### WHAT YOU SHOULD DO
Starting with the line that contains "Atomic Rooster Death", return every line through the end of the listing below exactly as written. Omit the pictures.

### MATERIAL SHOWN
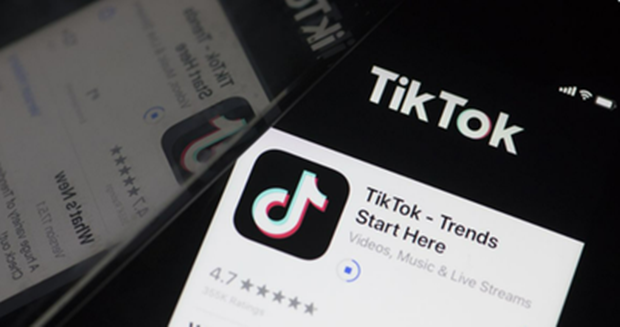 TikTok推出搜索广告功能
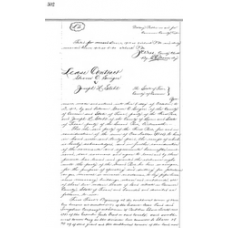 Cameron County - Book: Miscellaneous Deeds Volume: B Page: 502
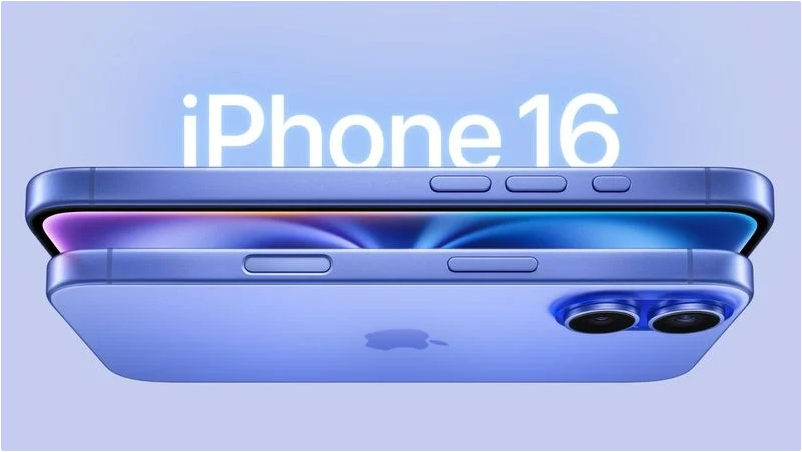 琅琊苹果手机维修分享iPhone 16 系列更易于维修 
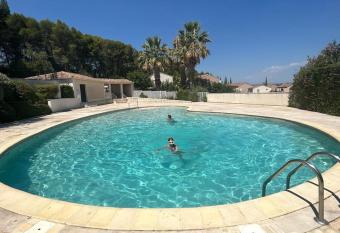 Sfeervolle vakantiewoning has Balcony rooms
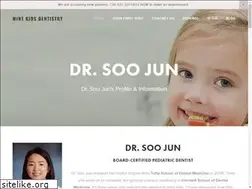 Sites similar to bellevuekidsdentistry.com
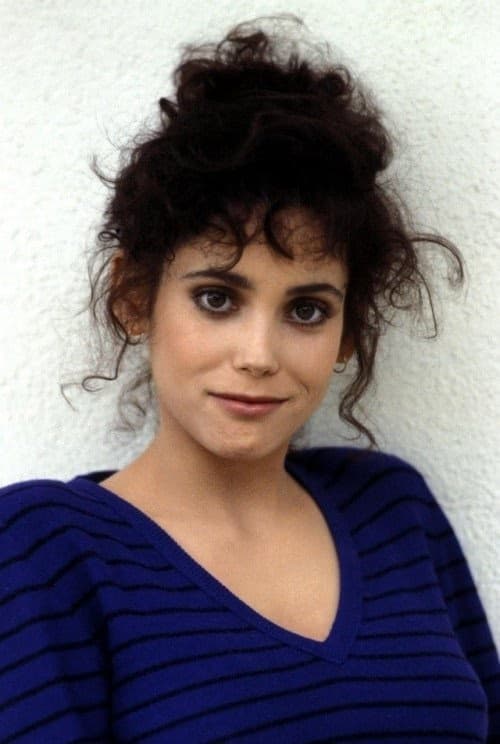 Stacey Nelkin filmleri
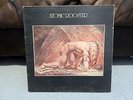 Atomic Rooster Death Walks Behind You 1st UK Press B&C Vinyl LP Record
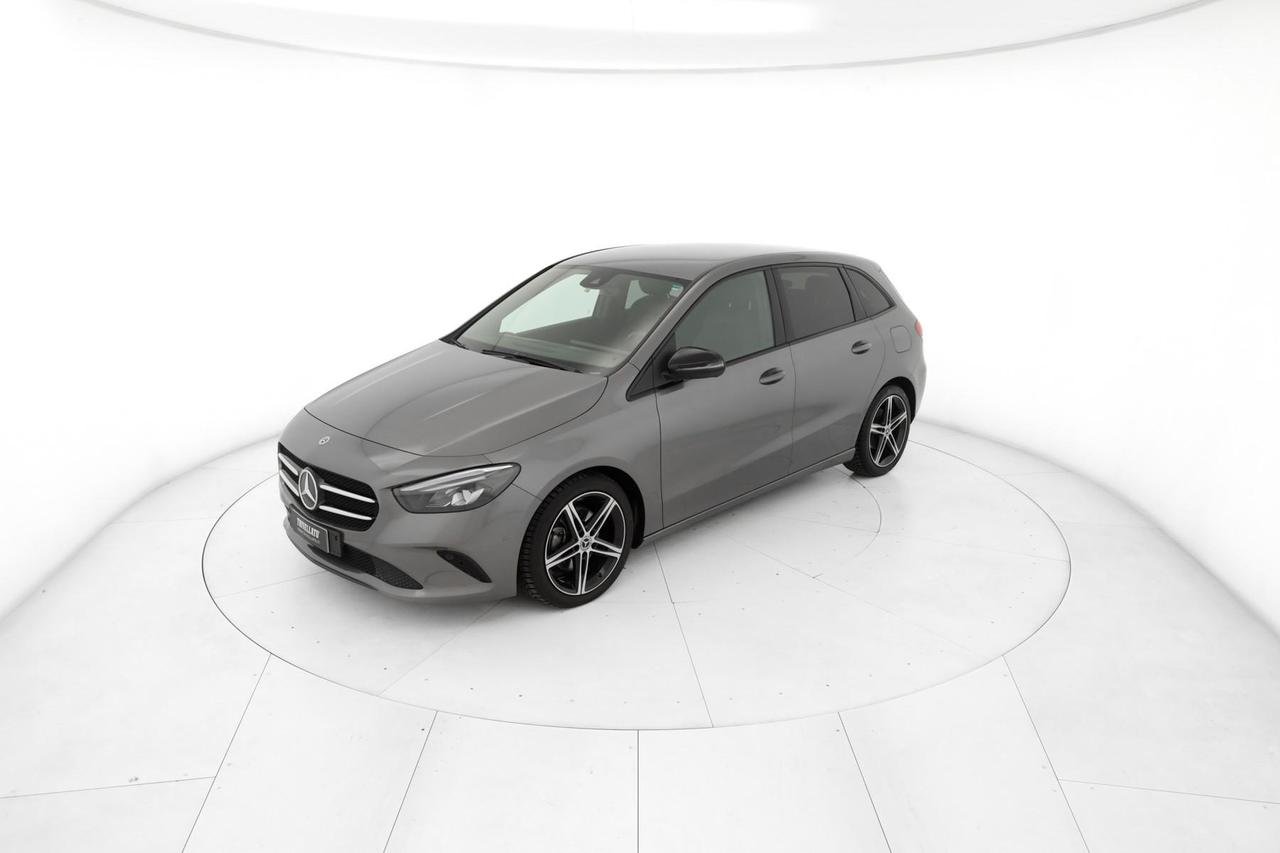 B 180 d Sport Plus auto - Certified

### WRITTEN ANSWER
 Atomic Rooster Death Walks Behind You 1st UK Press B&C Vinyl LP Record
 B 180 d Sport Plus auto - Certified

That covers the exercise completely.